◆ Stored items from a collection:
......

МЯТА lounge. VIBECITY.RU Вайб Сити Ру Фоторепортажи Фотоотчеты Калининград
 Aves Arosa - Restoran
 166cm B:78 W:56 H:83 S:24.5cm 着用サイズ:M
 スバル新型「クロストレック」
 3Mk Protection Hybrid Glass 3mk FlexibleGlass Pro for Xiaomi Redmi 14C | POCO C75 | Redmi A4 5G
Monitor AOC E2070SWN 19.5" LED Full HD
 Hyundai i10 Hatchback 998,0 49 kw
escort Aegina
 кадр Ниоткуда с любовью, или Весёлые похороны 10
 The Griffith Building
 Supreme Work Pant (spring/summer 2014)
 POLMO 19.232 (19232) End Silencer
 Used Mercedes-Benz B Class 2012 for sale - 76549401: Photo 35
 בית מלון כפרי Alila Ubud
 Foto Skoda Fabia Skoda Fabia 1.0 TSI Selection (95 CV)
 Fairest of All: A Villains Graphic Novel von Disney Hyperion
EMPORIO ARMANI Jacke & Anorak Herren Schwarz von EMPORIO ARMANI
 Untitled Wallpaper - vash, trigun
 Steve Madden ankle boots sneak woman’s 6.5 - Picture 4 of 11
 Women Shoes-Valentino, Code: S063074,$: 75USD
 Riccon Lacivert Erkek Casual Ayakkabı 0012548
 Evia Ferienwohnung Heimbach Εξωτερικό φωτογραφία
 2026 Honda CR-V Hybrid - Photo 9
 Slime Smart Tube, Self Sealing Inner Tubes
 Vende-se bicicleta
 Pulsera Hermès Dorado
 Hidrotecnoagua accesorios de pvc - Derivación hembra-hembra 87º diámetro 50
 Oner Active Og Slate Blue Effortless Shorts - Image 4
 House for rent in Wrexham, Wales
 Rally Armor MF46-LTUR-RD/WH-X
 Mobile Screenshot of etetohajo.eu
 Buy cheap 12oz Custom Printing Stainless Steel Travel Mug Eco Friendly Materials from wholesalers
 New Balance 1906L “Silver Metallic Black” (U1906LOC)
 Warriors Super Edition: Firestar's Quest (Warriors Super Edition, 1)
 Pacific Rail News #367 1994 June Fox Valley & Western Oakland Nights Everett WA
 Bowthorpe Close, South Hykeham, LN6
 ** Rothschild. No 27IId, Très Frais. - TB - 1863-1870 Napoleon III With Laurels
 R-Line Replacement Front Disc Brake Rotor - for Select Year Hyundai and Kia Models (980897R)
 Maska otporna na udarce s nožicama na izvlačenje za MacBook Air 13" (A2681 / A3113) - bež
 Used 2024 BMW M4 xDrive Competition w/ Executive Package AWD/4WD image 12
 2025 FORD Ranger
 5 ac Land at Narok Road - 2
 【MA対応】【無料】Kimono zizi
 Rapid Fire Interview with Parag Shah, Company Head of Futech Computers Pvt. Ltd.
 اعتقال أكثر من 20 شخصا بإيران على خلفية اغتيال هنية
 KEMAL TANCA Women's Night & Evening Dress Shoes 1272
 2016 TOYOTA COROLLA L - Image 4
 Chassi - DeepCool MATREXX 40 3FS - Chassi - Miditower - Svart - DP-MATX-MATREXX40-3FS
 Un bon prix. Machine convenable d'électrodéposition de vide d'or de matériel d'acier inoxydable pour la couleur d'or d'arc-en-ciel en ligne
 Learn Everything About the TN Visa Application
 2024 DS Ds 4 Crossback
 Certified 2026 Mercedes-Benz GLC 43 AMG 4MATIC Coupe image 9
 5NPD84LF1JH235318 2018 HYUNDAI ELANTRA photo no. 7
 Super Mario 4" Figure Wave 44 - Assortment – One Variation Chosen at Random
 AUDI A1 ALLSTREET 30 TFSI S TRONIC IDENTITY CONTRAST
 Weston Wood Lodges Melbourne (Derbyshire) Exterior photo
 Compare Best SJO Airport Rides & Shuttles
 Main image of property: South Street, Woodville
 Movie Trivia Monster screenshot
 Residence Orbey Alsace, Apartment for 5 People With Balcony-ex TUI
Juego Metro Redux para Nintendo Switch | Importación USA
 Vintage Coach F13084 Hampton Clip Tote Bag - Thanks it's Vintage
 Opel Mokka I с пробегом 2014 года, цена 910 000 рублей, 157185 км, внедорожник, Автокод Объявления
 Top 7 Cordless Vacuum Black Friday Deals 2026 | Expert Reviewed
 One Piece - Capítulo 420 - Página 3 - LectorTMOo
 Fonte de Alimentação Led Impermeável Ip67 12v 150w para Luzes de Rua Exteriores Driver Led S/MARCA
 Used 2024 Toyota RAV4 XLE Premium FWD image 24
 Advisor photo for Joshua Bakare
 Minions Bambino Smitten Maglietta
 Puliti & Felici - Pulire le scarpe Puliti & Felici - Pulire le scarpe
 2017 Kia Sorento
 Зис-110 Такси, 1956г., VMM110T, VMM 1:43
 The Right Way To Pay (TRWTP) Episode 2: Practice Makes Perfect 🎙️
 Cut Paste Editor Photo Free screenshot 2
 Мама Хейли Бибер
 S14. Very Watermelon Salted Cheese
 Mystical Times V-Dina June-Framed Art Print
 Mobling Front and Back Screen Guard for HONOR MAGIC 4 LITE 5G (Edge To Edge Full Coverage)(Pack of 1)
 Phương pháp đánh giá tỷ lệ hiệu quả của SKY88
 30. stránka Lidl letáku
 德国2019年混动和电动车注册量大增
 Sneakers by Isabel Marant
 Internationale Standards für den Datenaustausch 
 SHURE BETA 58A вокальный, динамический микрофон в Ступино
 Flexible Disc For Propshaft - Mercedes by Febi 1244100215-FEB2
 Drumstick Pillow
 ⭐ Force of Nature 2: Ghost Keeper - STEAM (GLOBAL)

......

◆ What you have to do: Your answer must be a single number: the count of lines in these records that contain "Women".

◆ Task result: 2